(Stored dataset items):
..............................

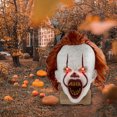 thumbnail image 4 of FlkwoH Halloween Pennywise Scary Mask Scary Clown Full Face Horror Costume Party Festival Cosplay Decoración Prop para Adulto, Modelo: Tipo 1 - Modelo: Tipo 1, 4 of 5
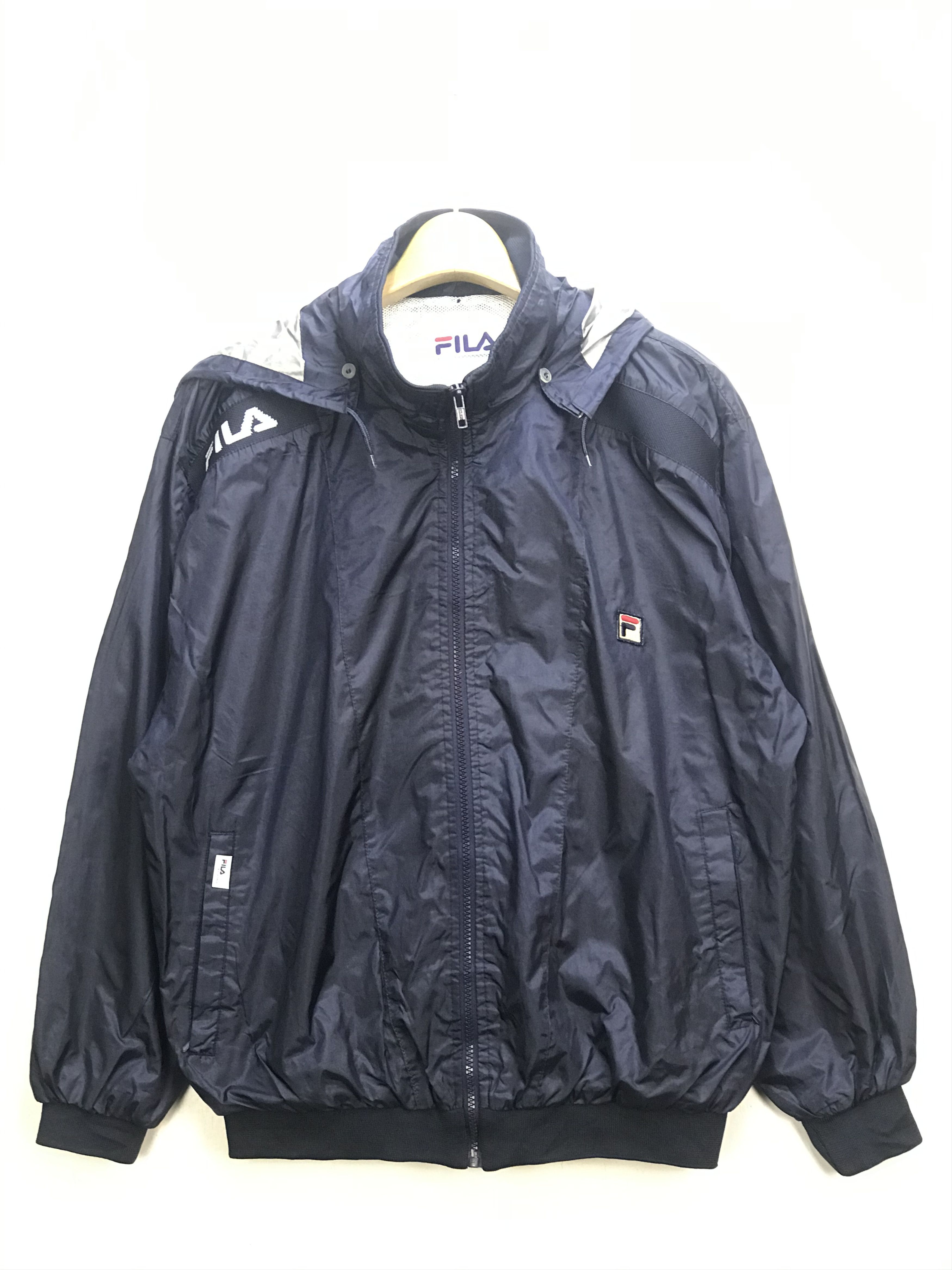 Fila VINTAGE FILA SPELLOUT RARE DESIGN WINDBREAKER HOODIE Size US M / EU 48-50 / 2 - 2 Thumbnail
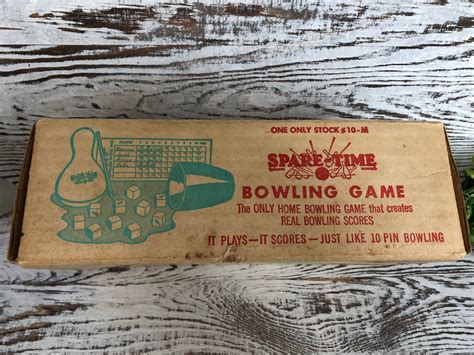 Vintage 1962 Spare Time Bowling Dice Game Baby Boomer Game Etsy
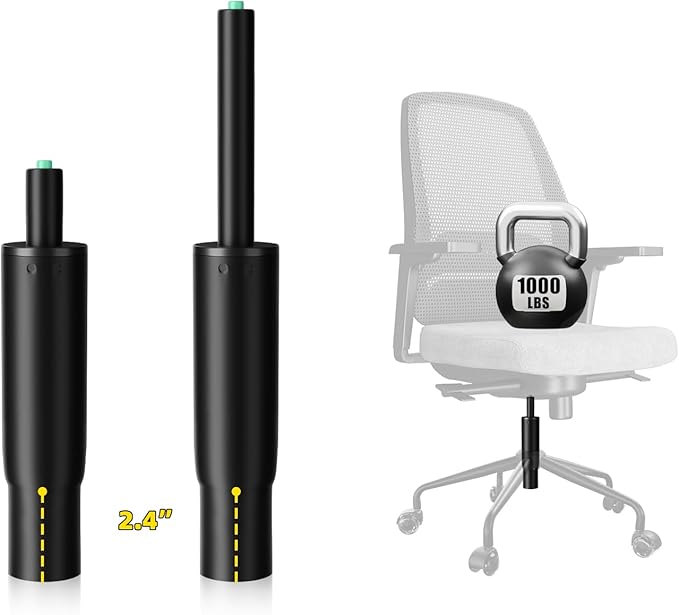 7 Inches to 11 Inches Short Office Chair Cylinder Replacement, Heavy Duty 1000 by MasteryMart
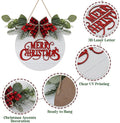 11.4”x11.4” Cute Merry Christmas Wooden Front Door Wreath( )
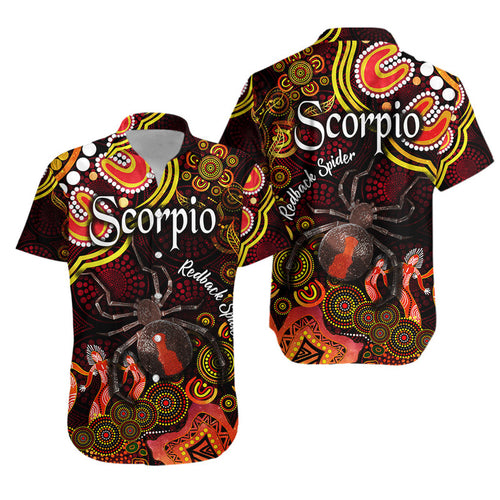 australian-astrology-hawaiian-shirt-scorpio-redback-spider-zodiac-aboriginal-vibes-red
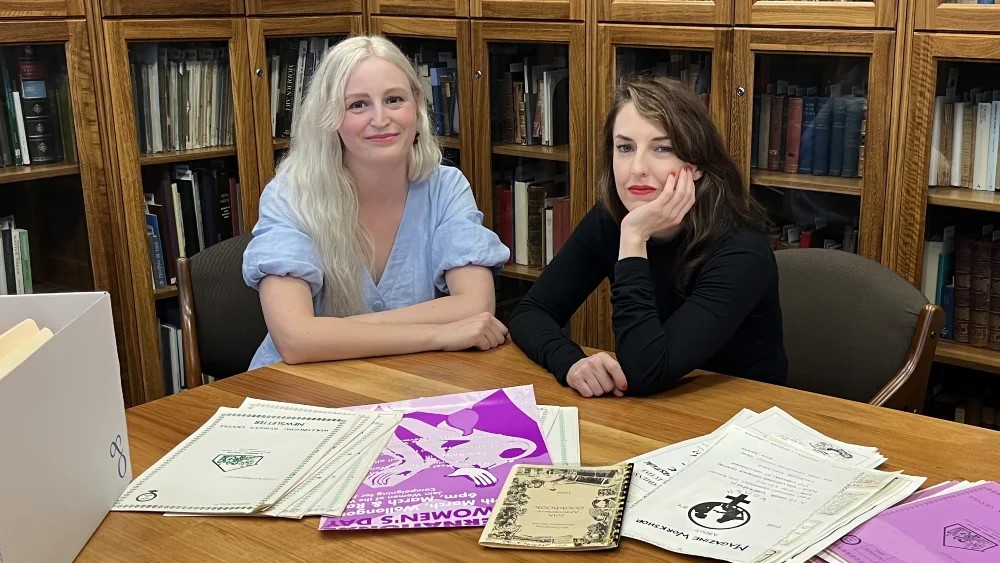 Ellie and Emma, Liz Hilton Fellows, smiling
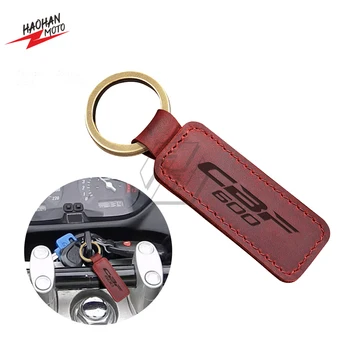  Pre Honda CBF600 CBF 600 Tlačidlo Motocykel Keychain Cowhide Krúžok na kľúče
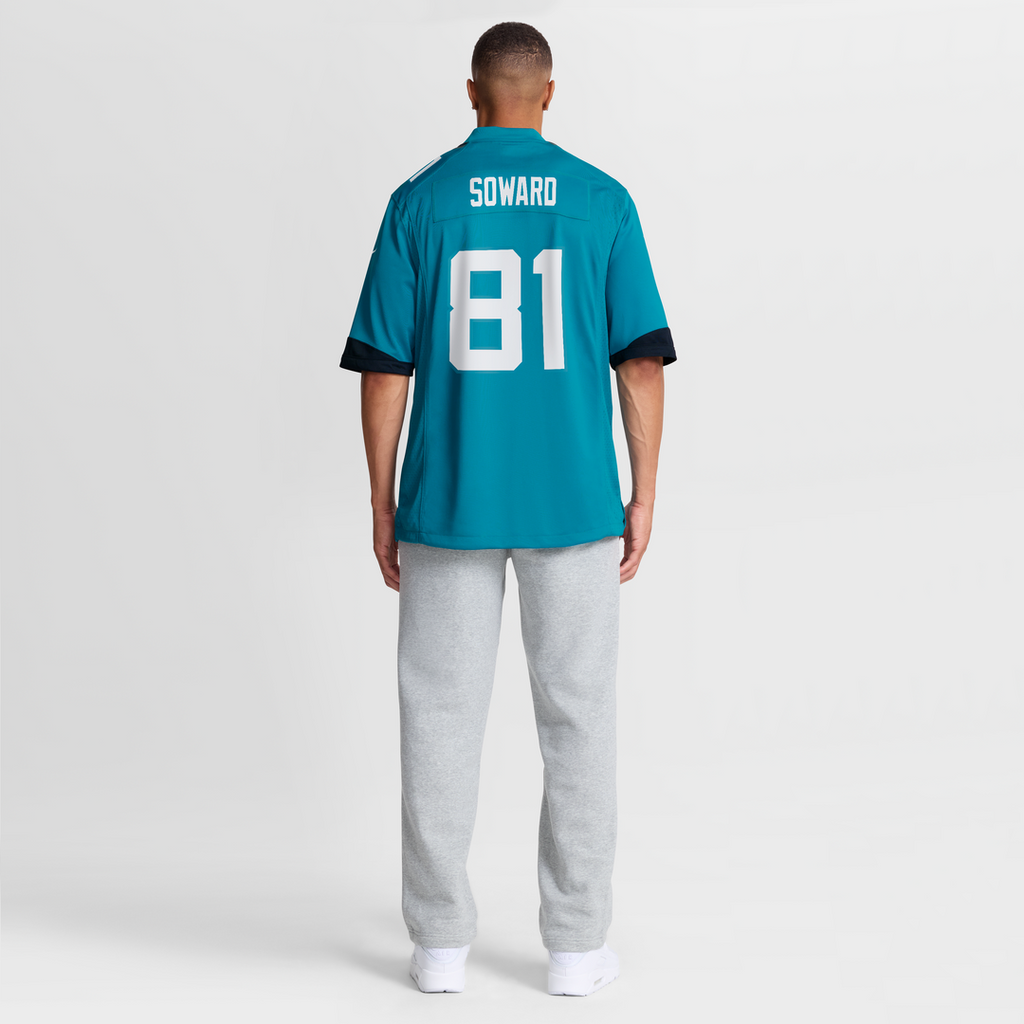 R. Jay Soward Jacksonville Jaguars Game Jersey - Teal
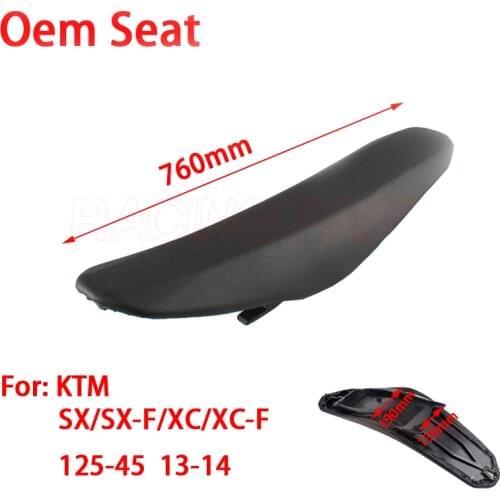 New OEM Seat For SX SXF XC XCF 125 200 250 300 400 450 2013 2014 Dirt Bike Motocross Enduro Motorcycle MX Supermoto Racing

..............................

(Work order): Write out the line that contains "7 Inches to" and every line after it to the end of the data, exactly as they stand. Omit the pictures.

(Response to this exercise):
 7 Inches to 11 Inches Short Office Chair Cylinder Replacement, Heavy Duty 1000 by MasteryMart
 11.4”x11.4” Cute Merry Christmas Wooden Front Door Wreath( )
 australian-astrology-hawaiian-shirt-scorpio-redback-spider-zodiac-aboriginal-vibes-red
 Ellie and Emma, Liz Hilton Fellows, smiling
  Pre Honda CBF600 CBF 600 Tlačidlo Motocykel Keychain Cowhide Krúžok na kľúče
 R. Jay Soward Jacksonville Jaguars Game Jersey - Teal
 New OEM Seat For SX SXF XC XCF 125 200 250 300 400 450 2013 2014 Dirt Bike Motocross Enduro Motorcycle MX Supermoto Racing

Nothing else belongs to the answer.